1. Field of the Invention
The present invention relates to a detection device, a developing device, and an image forming apparatus, and in particular relates to detection control for detecting toner charge amount.
2. Description of the Related Art
An electrophotographic image forming apparatus forms a toner image by forming an electrostatic latent image on a photoreceptor on the basis of a document read by a reader or an image transmitted from an external PC and developing the electrostatic latent image on the photoreceptor using toner in a developing unit. The image forming apparatus controls the density of the toner image by controlling image forming conditions such as the amount of exposure to a laser beam emitted from an exposure apparatus for forming the electrostatic latent image on the photoreceptor, a developing bias for developing the electrostatic latent image on the photoreceptor, and a charge potential for charging the photoreceptor. However, if the toner is consumed from the developing unit or toner is additionally supplied to the developing unit while a large number of toner images are being formed, the charge amount of the toner in the developing unit will change. Further, the charge amount of the toner in the developing unit changes also due to changes in temperature or humidity inside the developing unit. In order to control the density and color tone of the toner image with high accuracy, it is desired that the image forming conditions are controlled according to the charge amount of the toner in the developing unit.
An apparatus that includes a probe for collecting a very small amount of toner from a magnetic brush roller of a developing unit and is configured to measure the charge amount of toner in the developing unit on the basis of the mass of the toner collected by the probe and the change in the charge amount on the magnetic brush roller has been proposed (see the specification of U.S. Pat. No. 5,006,897).
According to the specification of U.S. Pat. No. 5,006,897, toner on the magnetic brush roller of the developing unit is first adsorbed by a probe provided with a piezoelectric crystal resonator and an electrode, and the piezoelectric crystal resonator is caused to vibrate. The mass M of the toner adhering to the probe is calculated based on the difference between a vibration frequency in the state where the toner is adhering to the probe and a vibration frequency in the state where no toner is adhering to the probe. Further, since the toner is moved from the magnetic brush roller to the probe, the charge amount Q of the toner adhering to the probe can be determined by measuring the change in the charge amount of the toner on the magnetic brush roller. The charge amount of toner in the developing unit can be detected on the basis of the mass M and the charge amount Q of the toner adhering to the probe.
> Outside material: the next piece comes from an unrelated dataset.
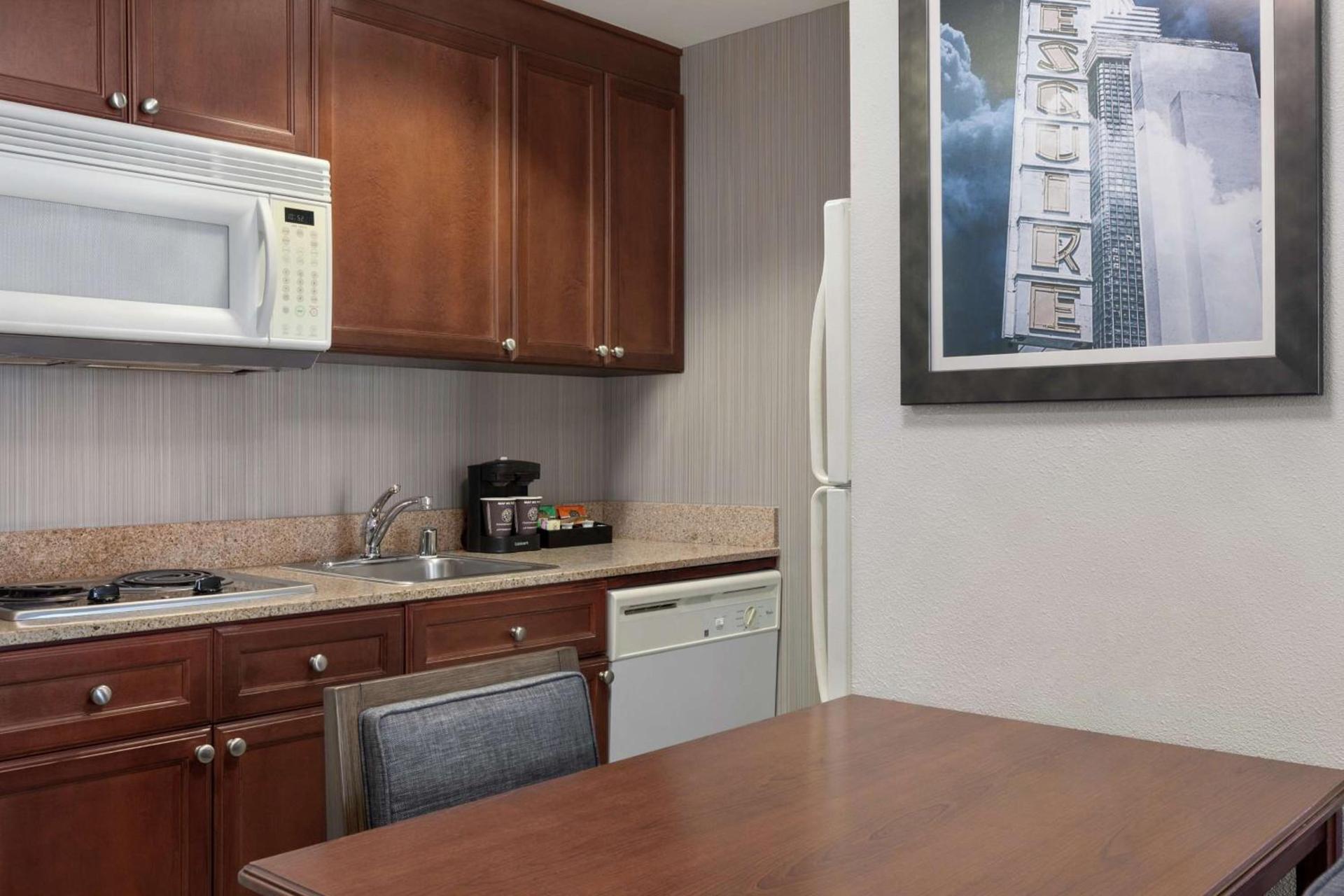 Homewood Suites by Hilton Sacramento/Roseville photo 47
However, it has been experimentally proven that the vibration frequency in the state where the toner is adhering to the probe is actually the same as the vibration frequency in the state where no toner is adhering to the probe, and thus the mass M of the toner adhering to the probe cannot be detected.
One possible reason for this is that the toner that is to be detected slides off due to the vibration of a QCM sensor. For example, the mass detection surface of the probe is subjected to shear vibration at a resonance frequency of several [MHZ] to 10 [MHz]. The vibration direction is a single direction parallel to the electrode surface, and the amplitude thereof is about several [nm]. In order to detect the mass of toner, the toner has to be held on the mass detection surface without sliding off due to the shear vibration of the mass detection surface.
The present invention provides a measuring device, a developing device, and an image forming apparatus, which are capable of detecting the toner charge amount with high accuracy by suppressing the sliding of toner during the vibration of a piezoelectric crystal resonator.